Lately, the news out of Kenya about its electricity situation has been quite positive. Electricity costs for both consumer and industrial customers have decreased by about 30%. You can imagine how advantageous it is for a nation to lower its electricity costs so much. In fact, one estimate pegged Kenya’s savings at $24 million per month.
The reason for the favorable shift is the country’s consistent investment in geothermal energy. Geothermal activity in Kenya is abundant, so it makes very good sense to develop more geothermal power there. Recently, two new plants were commissioned in the Rift Valley, which boosted the country’s geothermal capacity significantly. They are located at Olkaria, which is northwest of Nairobi and this area has an estimated 2,000 MW of geothermal potential.

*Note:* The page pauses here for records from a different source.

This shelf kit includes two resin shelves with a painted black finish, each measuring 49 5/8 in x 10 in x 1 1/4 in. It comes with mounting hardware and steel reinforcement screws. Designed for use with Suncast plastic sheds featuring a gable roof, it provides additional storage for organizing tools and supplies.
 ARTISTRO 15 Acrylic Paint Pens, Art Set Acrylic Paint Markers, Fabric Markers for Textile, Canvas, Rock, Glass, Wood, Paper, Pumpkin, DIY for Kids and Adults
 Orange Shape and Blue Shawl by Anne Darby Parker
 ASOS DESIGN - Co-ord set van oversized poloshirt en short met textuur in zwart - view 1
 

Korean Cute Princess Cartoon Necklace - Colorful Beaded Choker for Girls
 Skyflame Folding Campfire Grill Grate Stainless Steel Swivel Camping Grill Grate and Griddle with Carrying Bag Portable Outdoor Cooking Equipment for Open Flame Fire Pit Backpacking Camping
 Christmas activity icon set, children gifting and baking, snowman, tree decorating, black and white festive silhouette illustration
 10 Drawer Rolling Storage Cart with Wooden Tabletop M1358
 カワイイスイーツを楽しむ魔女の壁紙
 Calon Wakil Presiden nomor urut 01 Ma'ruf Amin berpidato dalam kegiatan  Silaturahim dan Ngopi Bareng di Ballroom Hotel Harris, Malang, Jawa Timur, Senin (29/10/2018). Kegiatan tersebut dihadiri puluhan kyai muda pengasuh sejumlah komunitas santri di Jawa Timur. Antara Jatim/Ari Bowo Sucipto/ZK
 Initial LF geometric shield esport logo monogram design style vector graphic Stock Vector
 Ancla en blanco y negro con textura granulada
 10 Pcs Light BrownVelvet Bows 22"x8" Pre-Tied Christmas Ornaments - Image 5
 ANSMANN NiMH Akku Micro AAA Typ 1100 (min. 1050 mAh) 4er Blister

It isn’t surprising that developing domestic renewable energy sources has significant benefits, “I have seen first-hand how getting affordable electricity to ordinary Kenyans can transform lives. Kids can learn at school and do homework at night. Businesses can flourish and create new jobs. That’s why we are investing in the energy sector, which is a key infrastructure investment in the fight against poverty,” explained the World Bank’s country director for Kenya.
Kenya is not stopping where it is though: by 2018 another 460 MW of geothermal may be developed. If it achieves this goal, the amount of electricity generated by hydro power could be reduced to 28% of the total mix. Decreasing the country’s reliance on hydro power would likely be beneficial, because lower rain levels have decreased hydro power output. Drought can be a big problem when it occurs because river flows reduce to a trickle as does electricity from hydro power. Climate change is believed by some to intensify weather like droughts, so shifting away from hydro power is probably a good decision.
Geothermal electricity tends to remain very stable and is available constantly.